• [Source data]:
--- START ---
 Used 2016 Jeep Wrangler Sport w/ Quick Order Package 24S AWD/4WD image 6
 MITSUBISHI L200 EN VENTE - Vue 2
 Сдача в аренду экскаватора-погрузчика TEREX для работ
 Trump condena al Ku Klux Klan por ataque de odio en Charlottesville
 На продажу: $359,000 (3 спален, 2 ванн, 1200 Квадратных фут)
--- END ---
--- START ---
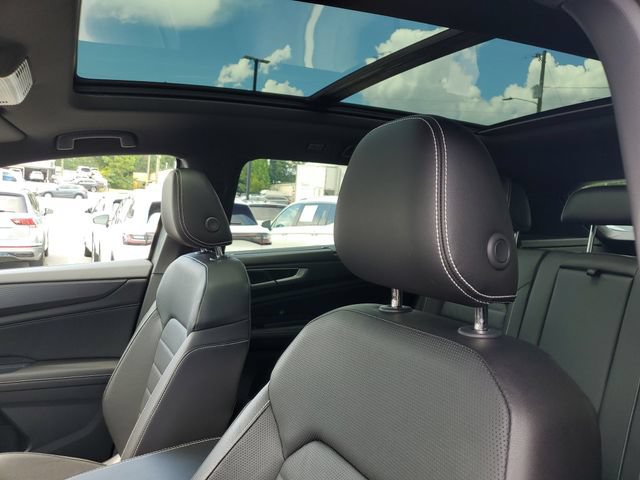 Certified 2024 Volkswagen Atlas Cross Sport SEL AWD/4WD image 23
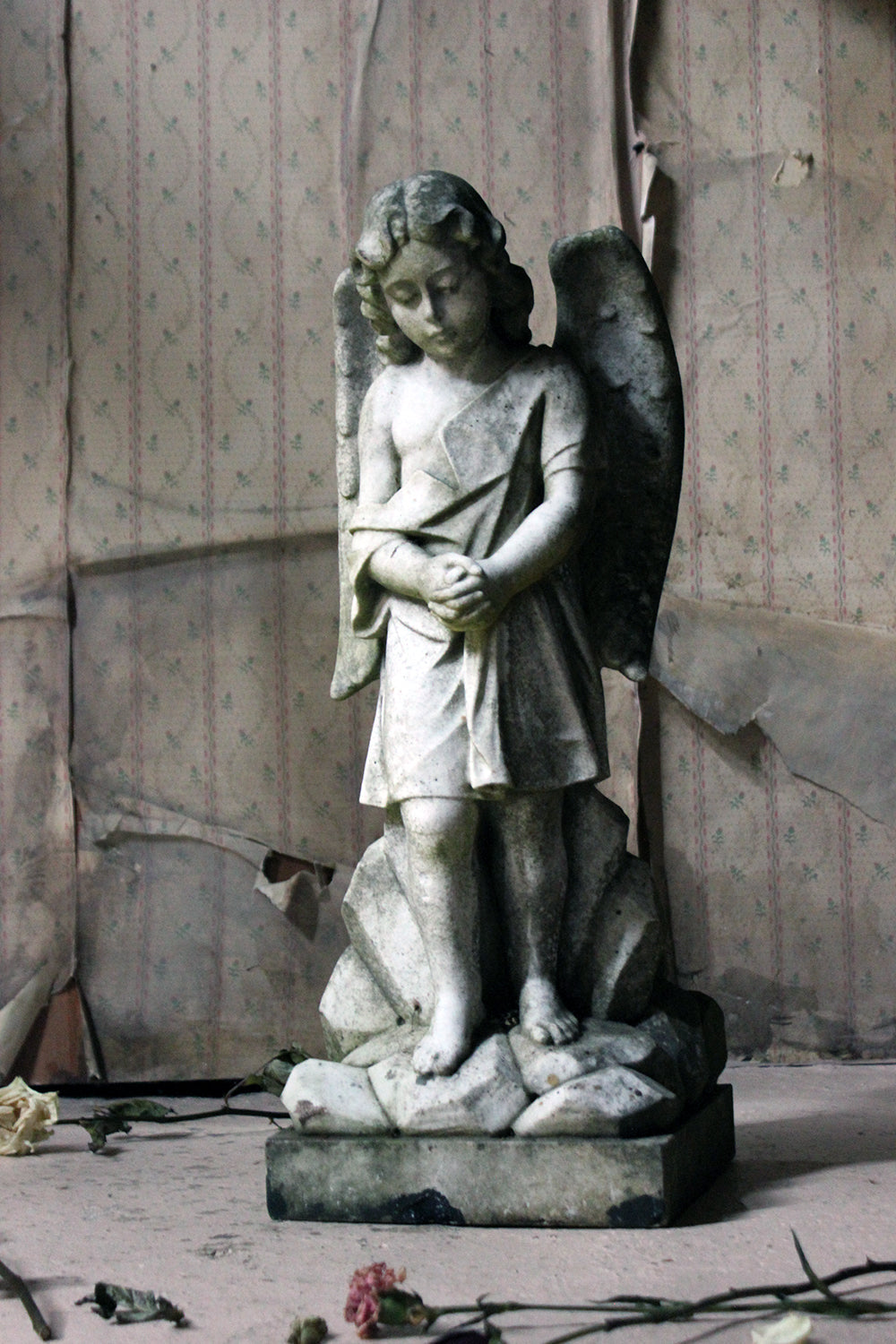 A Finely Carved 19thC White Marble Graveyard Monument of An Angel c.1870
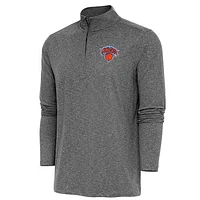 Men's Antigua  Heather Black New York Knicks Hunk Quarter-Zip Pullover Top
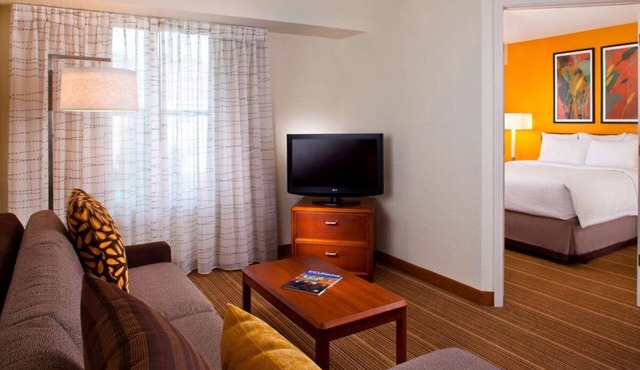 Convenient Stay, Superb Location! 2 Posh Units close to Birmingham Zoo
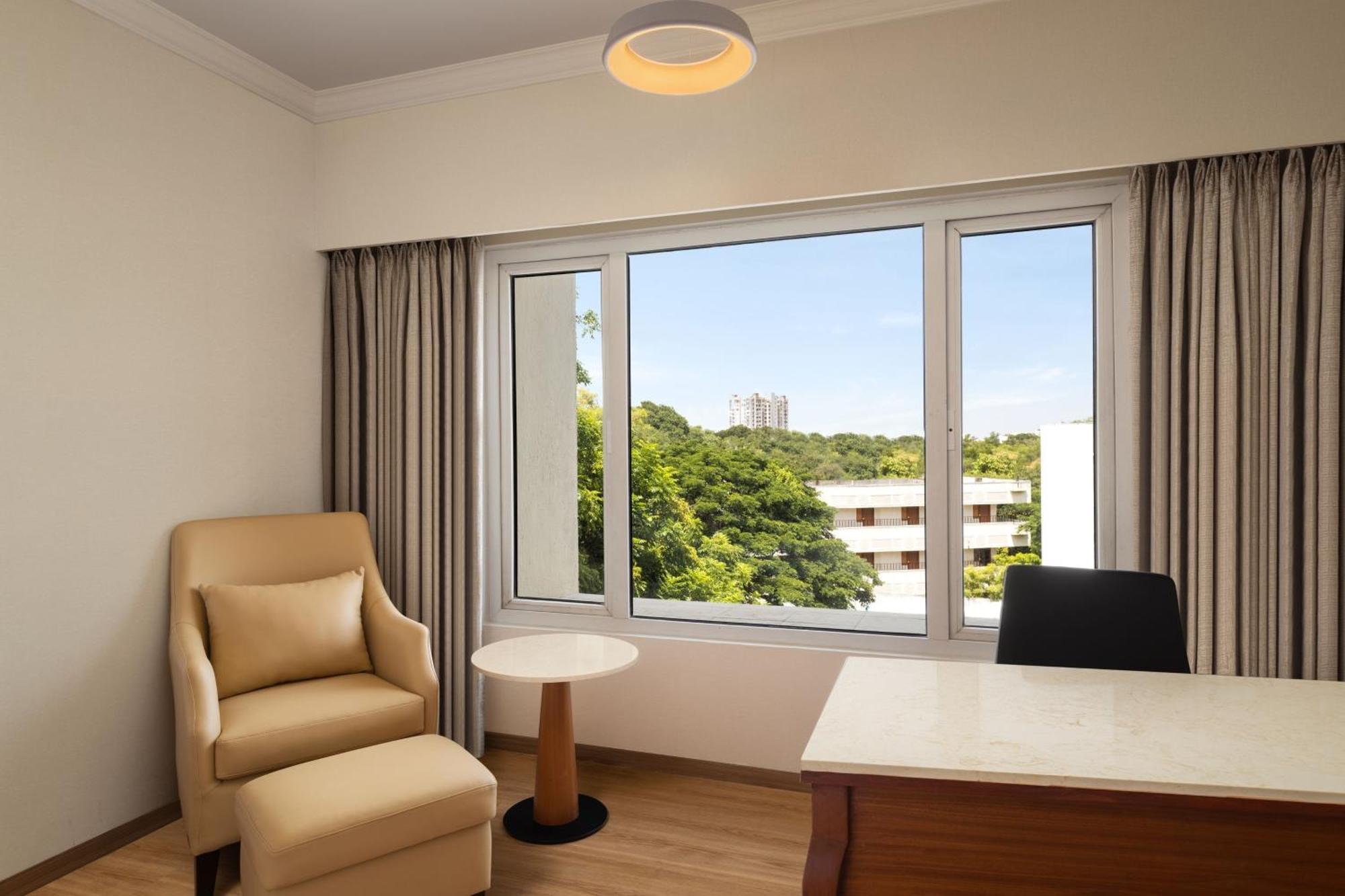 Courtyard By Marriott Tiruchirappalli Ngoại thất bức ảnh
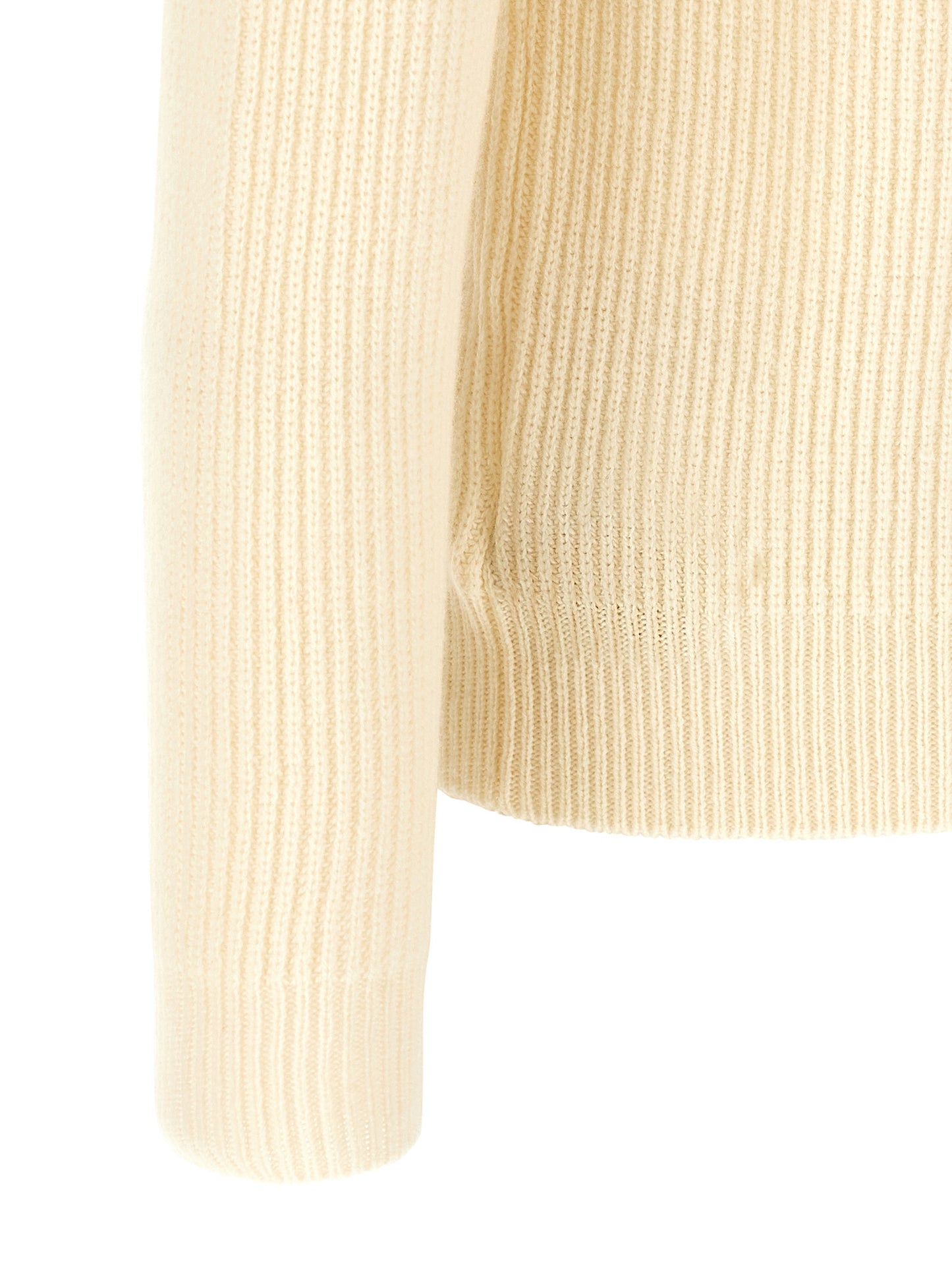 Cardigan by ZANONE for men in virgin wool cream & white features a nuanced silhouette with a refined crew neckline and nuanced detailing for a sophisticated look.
--- END ---
--- START ---
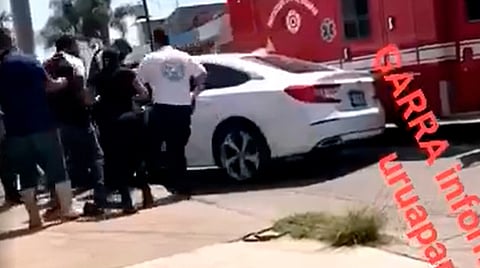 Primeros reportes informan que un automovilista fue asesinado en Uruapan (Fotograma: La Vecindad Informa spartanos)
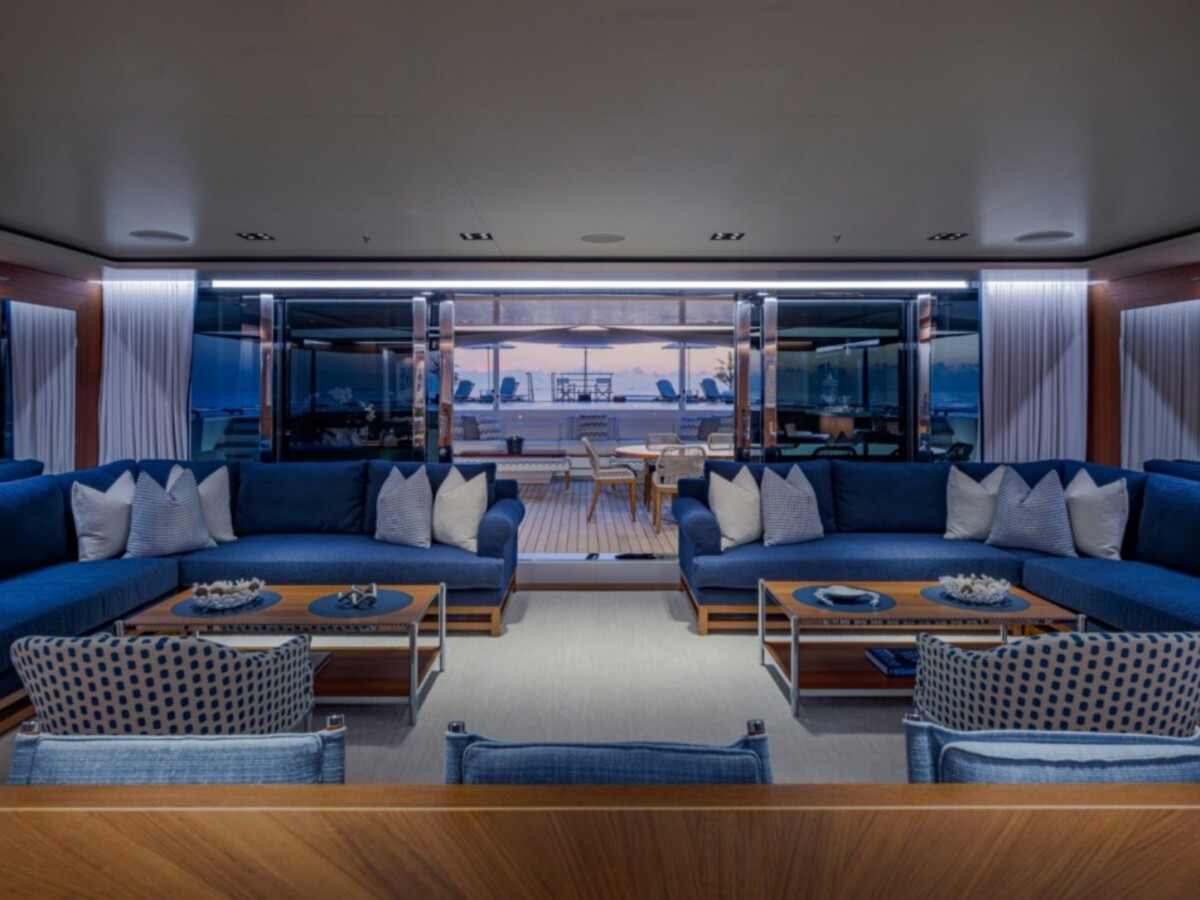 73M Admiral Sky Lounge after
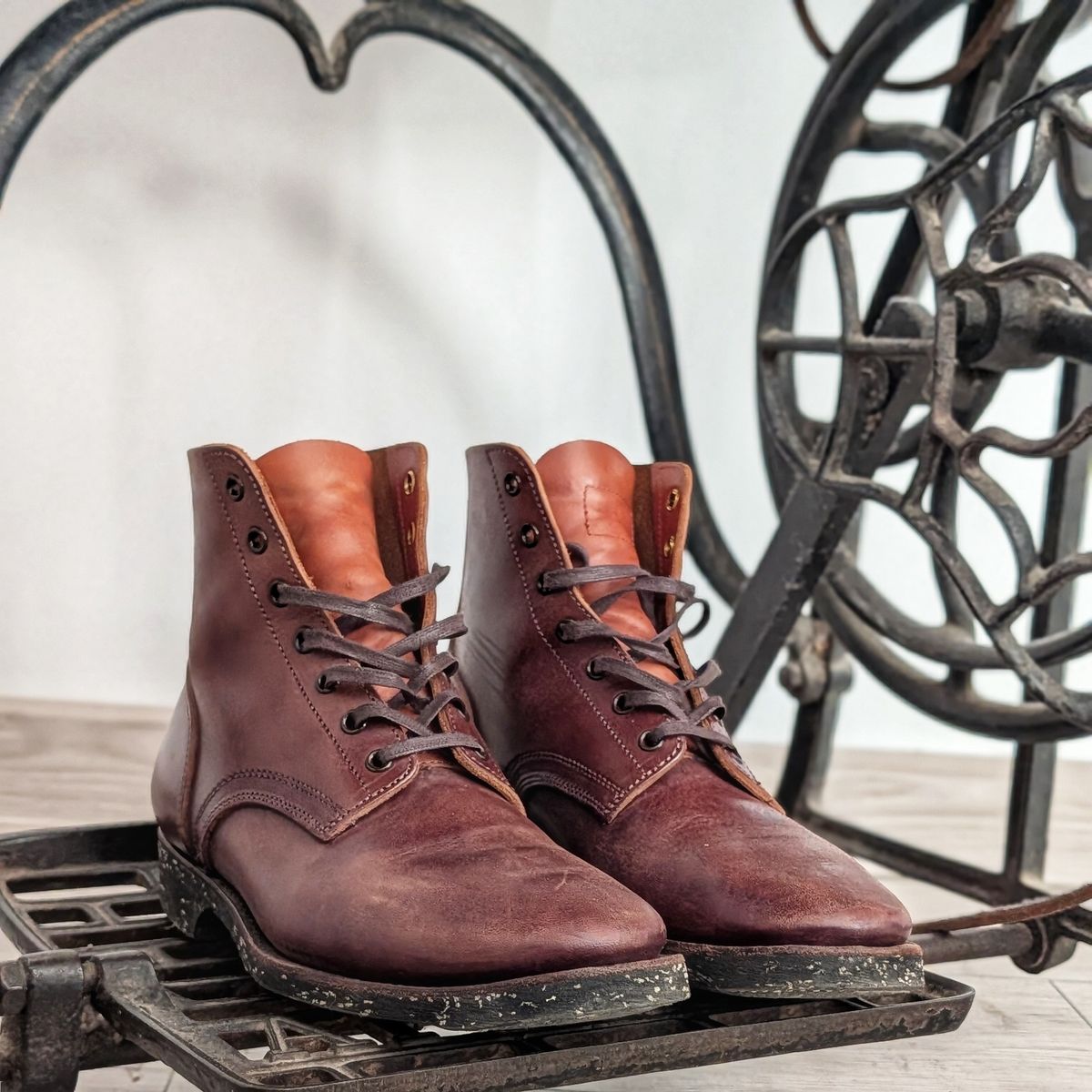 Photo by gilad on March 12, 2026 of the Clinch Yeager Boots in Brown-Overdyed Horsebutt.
--- END ---
Within the listing above, find the line containing "Primeros reportes informan" and the line containing "Photo by gilad". Transcribe them and everything between them exactly, leaving out the pictures.

 Primeros reportes informan que un automovilista fue asesinado en Uruapan (Fotograma: La Vecindad Informa spartanos)
 73M Admiral Sky Lounge after
 Photo by gilad on March 12, 2026 of the Clinch Yeager Boots in Brown-Overdyed Horsebutt.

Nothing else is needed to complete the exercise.